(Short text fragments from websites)

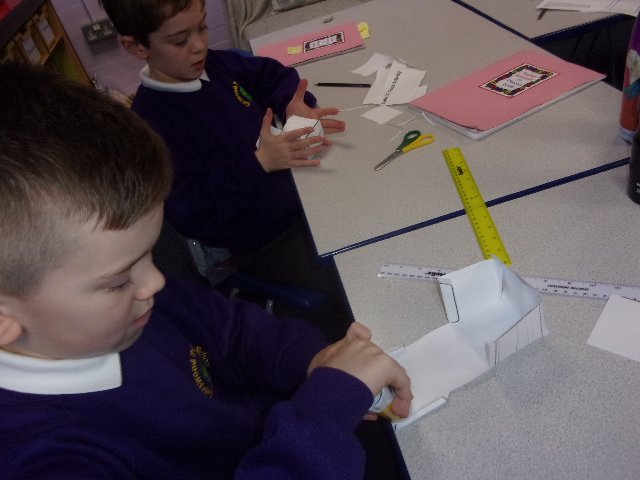 hatsarah's tweet photo. Y2 have been getting to grips with 3D shapes this afternoon and using them to make Tudor houses @GarswoodPrimary #greatfireoflondon #cubes #cuboids #triangularprisms #nets https://t.co/CayaweUWcp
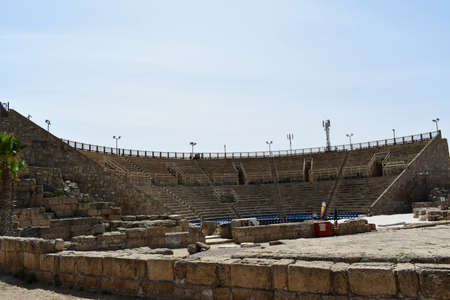Ruins of the ancient Roman amphitheater in the ancient city of Caesarea, on the coast of Mediterranean sea in Israel.の写真素材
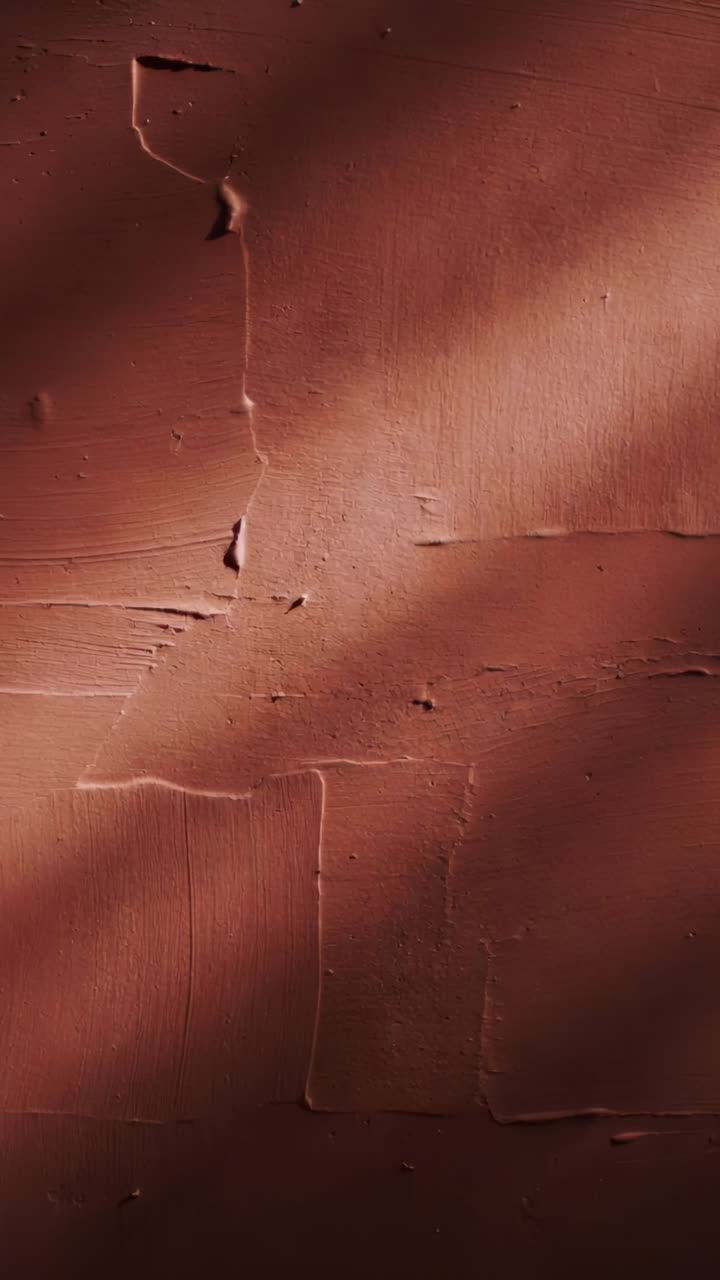 Video verticale: sole che si sposta proiettando un'ombra diagonale su una parete interna in gesso, mettendo in risalto i segni della cazzuola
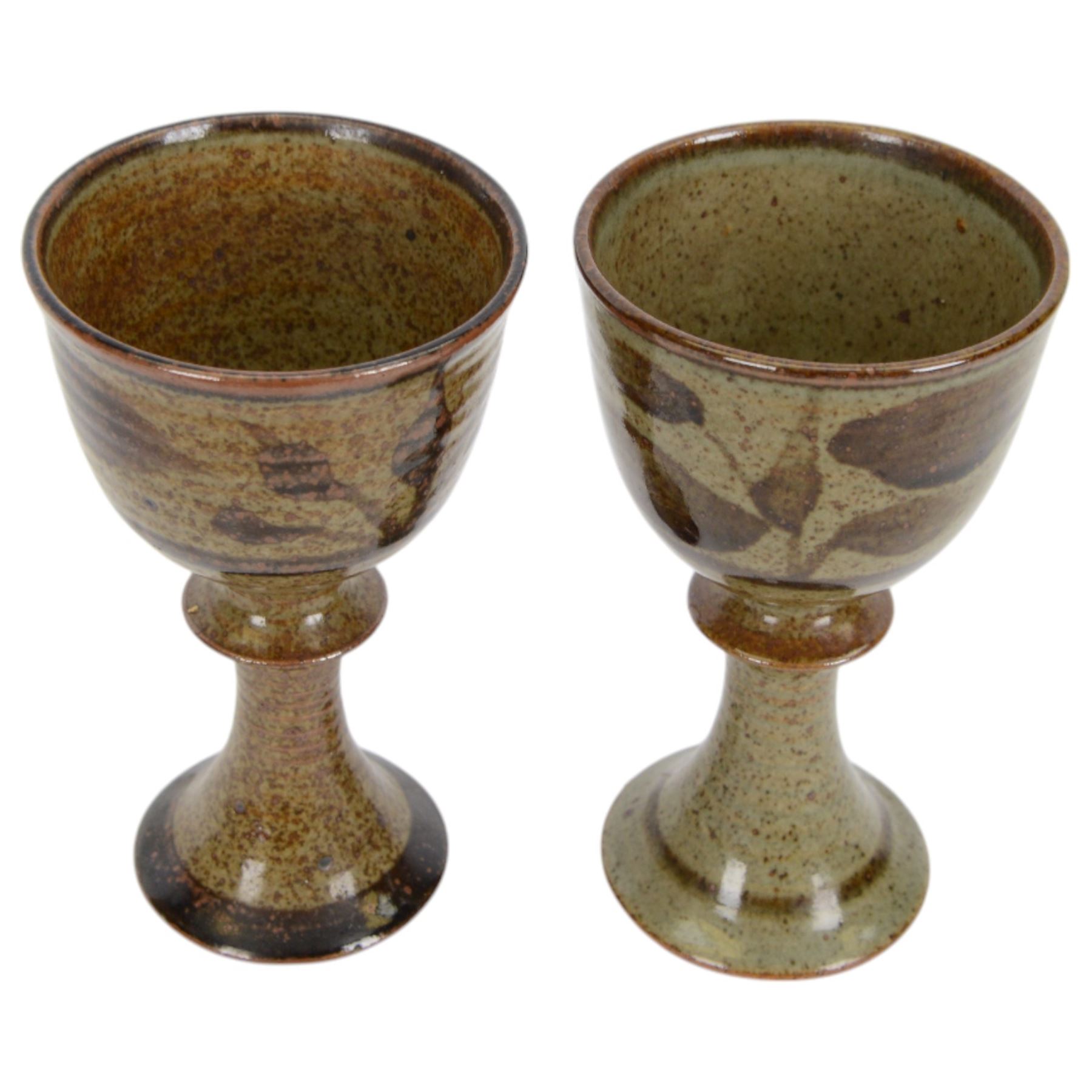 David Lloyd Jones (1928-1994): set of four studio pottery goblets, with foliate decoration on a mottled brown ground, together with two small stoneware bowls by the same artist, with stylised bird border on an orange brown ground, all with impressed marks beneath, goblets H15.5cm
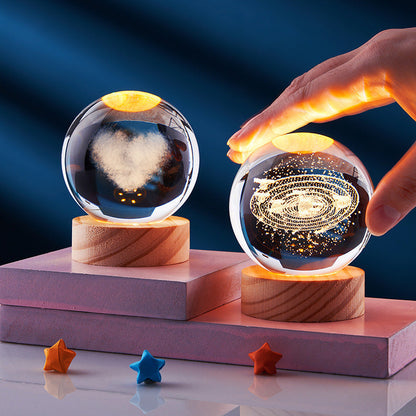 Crystal Ball 3D carved night light with solar system design and warm glow.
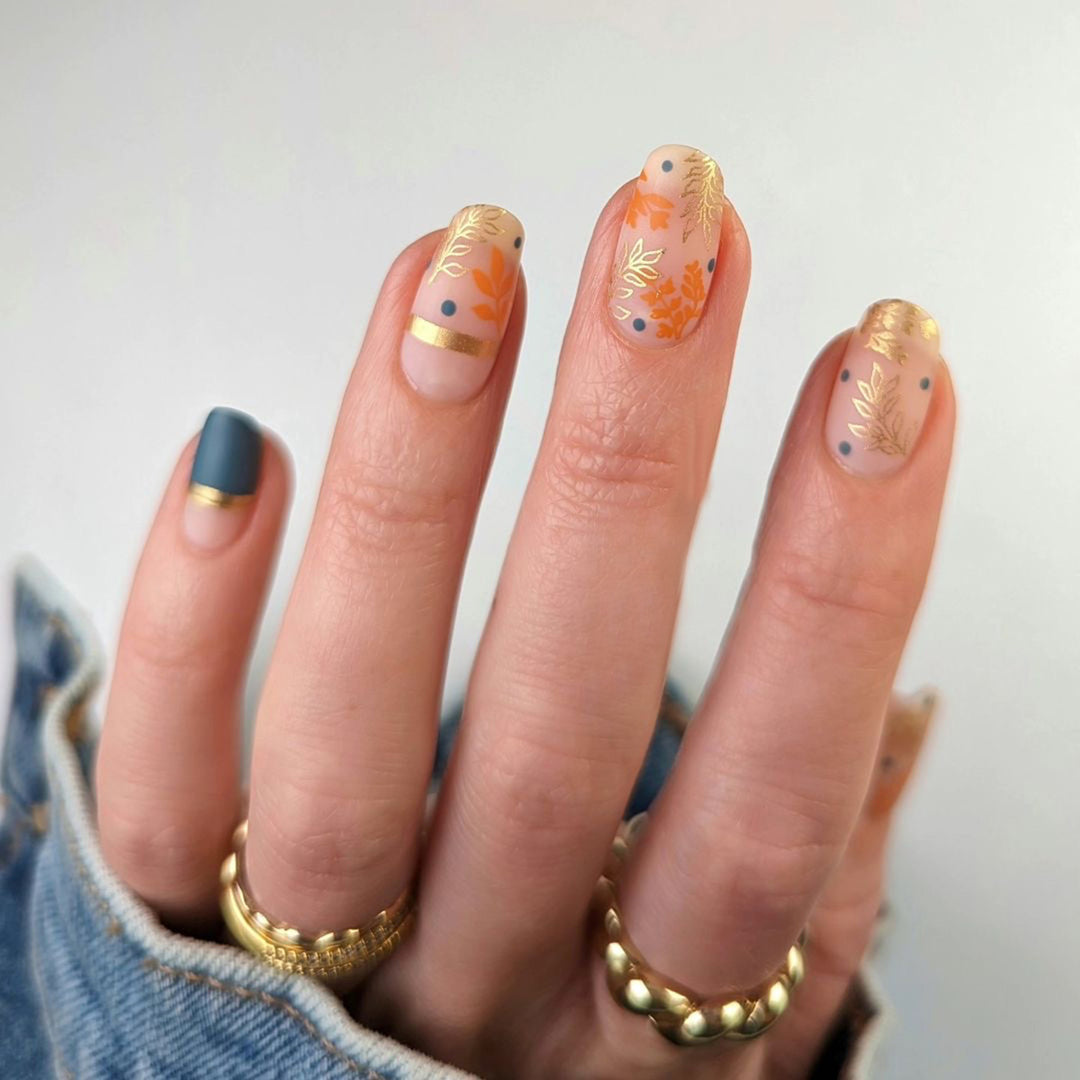 Artistic nail design with floral and golden accent Bowlift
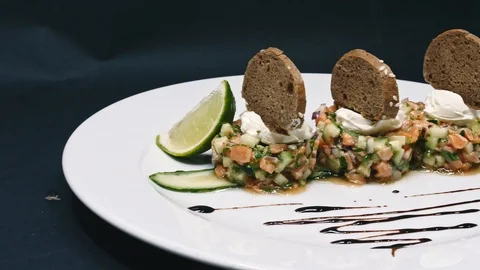 Serving a salad with lime and bread in a white plate on a black background in 4k Stock Footage 99223413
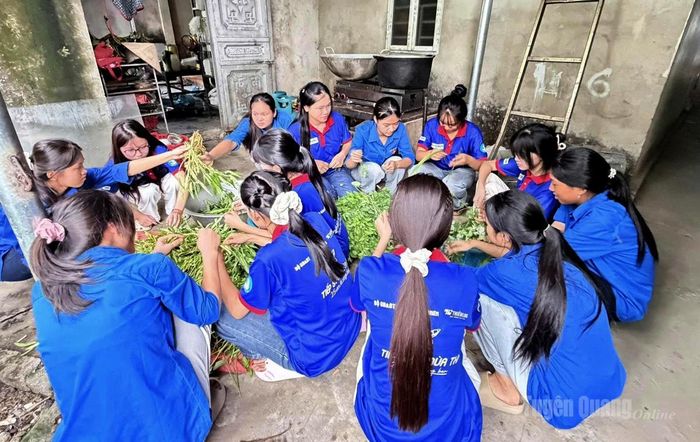 Đoàn viên xã Thanh Thủy tranh thủ nhặt rau, chuẩn bị nguyên liệu để nấu các suất ăn miễn phí cho thí sinh. Ảnh: Trần Kế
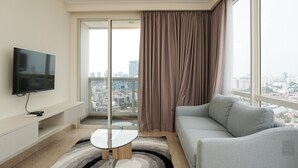 Een moderne woonkamer met een flatscreen televisie, een salontafel met glazen blad, een grijze bank en een uitzicht op een stadslandschap door een groot raam met gordijnen.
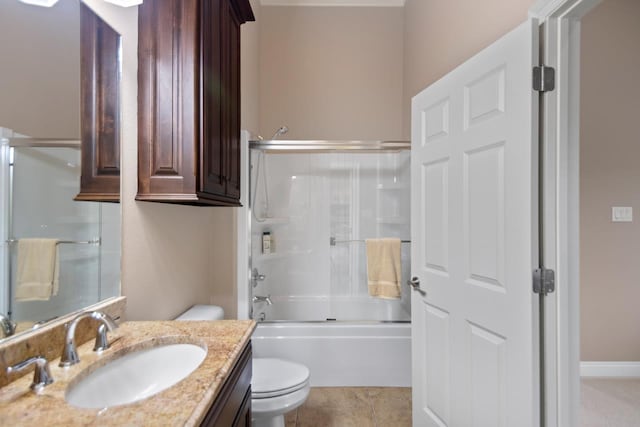 full bathroom with toilet, tile patterned floors, bath / shower combo with glass door, and vanity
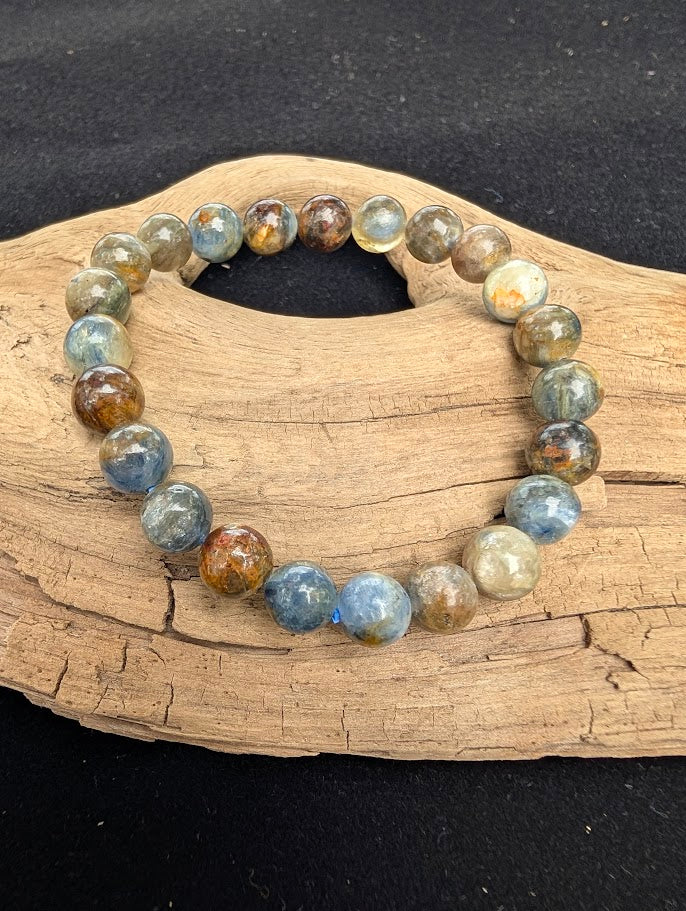 8mm smooth Kyanite beaded stretch bracelet resting on a driftwood display, showing earthy denim blue, silver, and brown colouration.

**Exercise details**
Set down all the lines above exactly as they appear, with no pictures.

**Output for this task**
 hatsarah's tweet photo. Y2 have been getting to grips with 3D shapes this afternoon and using them to make Tudor houses @GarswoodPrimary #greatfireoflondon #cubes #cuboids #triangularprisms #nets https://t.co/CayaweUWcp
Ruins of the ancient Roman amphitheater in the ancient city of Caesarea, on the coast of Mediterranean sea in Israel.の写真素材
 Video verticale: sole che si sposta proiettando un'ombra diagonale su una parete interna in gesso, mettendo in risalto i segni della cazzuola
 David Lloyd Jones (1928-1994): set of four studio pottery goblets, with foliate decoration on a mottled brown ground, together with two small stoneware bowls by the same artist, with stylised bird border on an orange brown ground, all with impressed marks beneath, goblets H15.5cm
 Crystal Ball 3D carved night light with solar system design and warm glow.
 Artistic nail design with floral and golden accent Bowlift
 Serving a salad with lime and bread in a white plate on a black background in 4k Stock Footage 99223413
 Đoàn viên xã Thanh Thủy tranh thủ nhặt rau, chuẩn bị nguyên liệu để nấu các suất ăn miễn phí cho thí sinh. Ảnh: Trần Kế
 Een moderne woonkamer met een flatscreen televisie, een salontafel met glazen blad, een grijze bank en een uitzicht op een stadslandschap door een groot raam met gordijnen.
 full bathroom with toilet, tile patterned floors, bath / shower combo with glass door, and vanity
 8mm smooth Kyanite beaded stretch bracelet resting on a driftwood display, showing earthy denim blue, silver, and brown colouration.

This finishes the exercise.